By American Kabuki
Just a quick update and a thank you to all of you. I am now back in the USA, for the moment at least, in Seattle. I don't know how long I will be here, but this is home for the moment and a place to readjust to life here. Its strange to be able to understand all the conversations occurring around me after being buried in foreign languages for the last 30 months.
Thank you all so much for all your help in getting me home! Its truly appreciated!
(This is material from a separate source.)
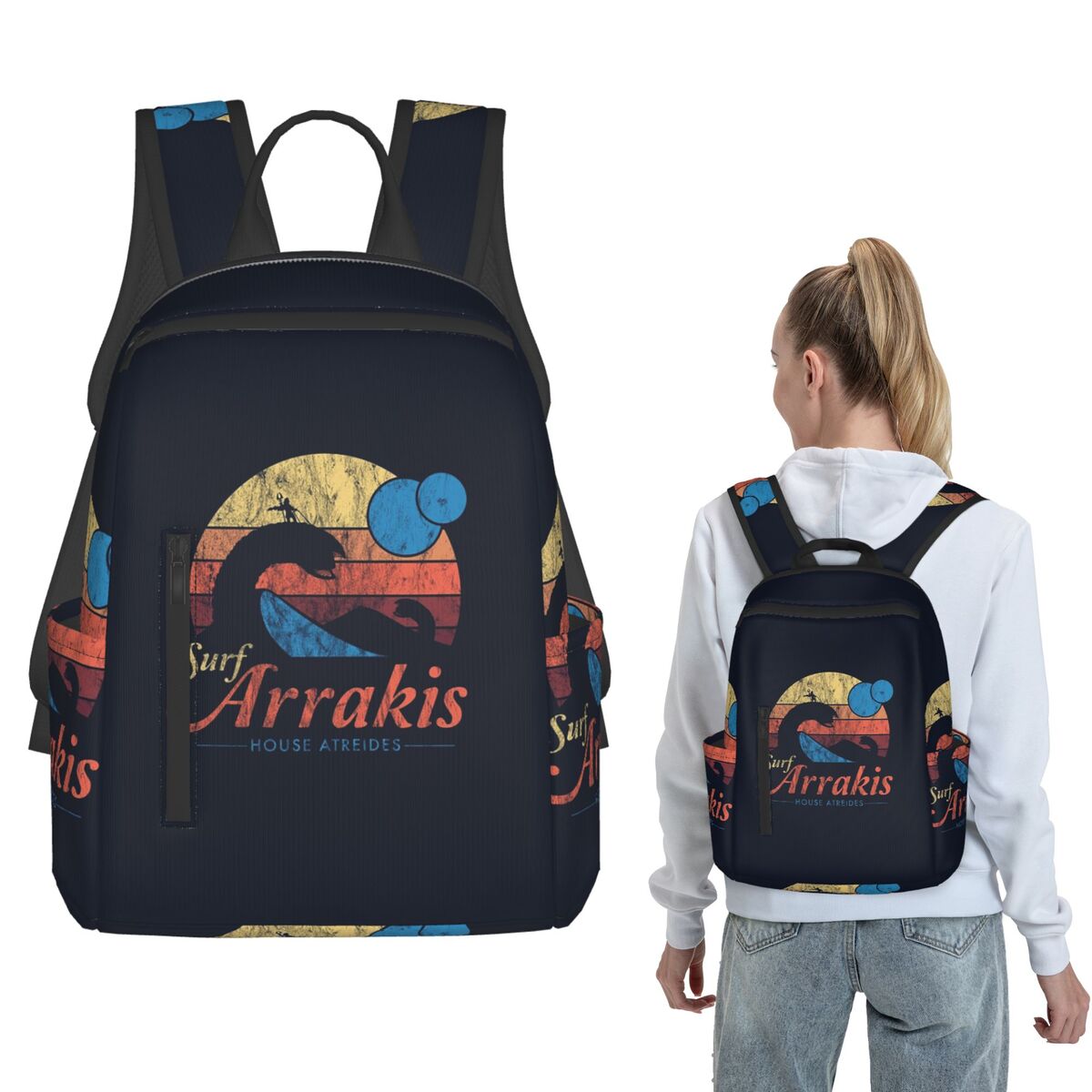 Plecak Arrakis Distressed Surf – Women Bags Dune recenzja i cena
I stayed longer in Italy than I expected, but I was able to see the sights in Florence and found an affordable B&B with a kitchen to stay in which cut the expenses a bit. A friend was having a difficult moment and it didn't feel right to leave until it was clearer how that situation was going to play out. They assured me they'd be okay and had resources to they could draw on, so I booked the flight home. I came back with very little cash but I couldn't in good conscience leave them in the lurch either and would have spent all I had to help them if that was needed. Especially after all they have done for me. The last 6 weeks were very stressful, but also moments of very profound conversations with a dear friend. They, like many of you ,have given so much of their lives to set this planet free and experienced many hardships doing so. This has been a grand effort of all of I AM/Source in body and its fantastic to be hold. So much courage like the planet has never seen before.
I am noticing that many Americans are on the knife's edge right now. Finances, health issues, over-reaching governments, and yet the stores have more consumer items than any place on earth. My homeland, America, the land of many distractions from what is real, inside each of us.
My host is experiencing the very real possibility of losing her home, possibly tomorrow in a surprise sale by HSBC bank. HSBC is one of the more corrupt banks on the planet. Her incompetent lawyer gave her no notice of this happening. She was contesting a fraudulent mortgage created by Countrywide, the paperwork which is now in the hands of HSBC (Hong Kong and Shanghai Banking Corporation).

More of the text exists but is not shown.